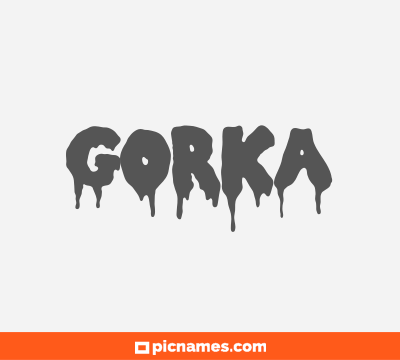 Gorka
--
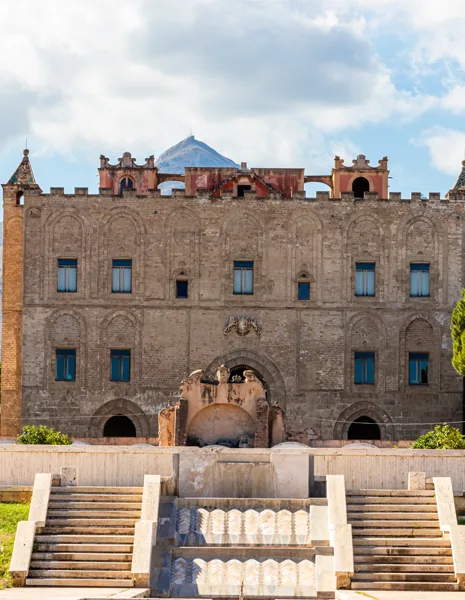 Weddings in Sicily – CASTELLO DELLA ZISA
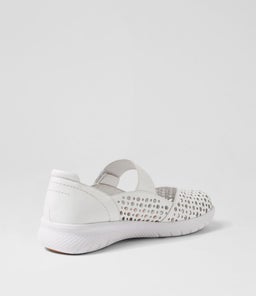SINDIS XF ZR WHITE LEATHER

= YOUR OBJECTIVE =
Among the entries above, copy exactly the stretch from the line holding "Weddings in Sicily – CASTELLO DELLA ZISA" through the line holding "SINDIS XF ZR WHITE LEATHER", leaving out any pictures.

= FINISHED TASK =
 Weddings in Sicily – CASTELLO DELLA ZISA
SINDIS XF ZR WHITE LEATHER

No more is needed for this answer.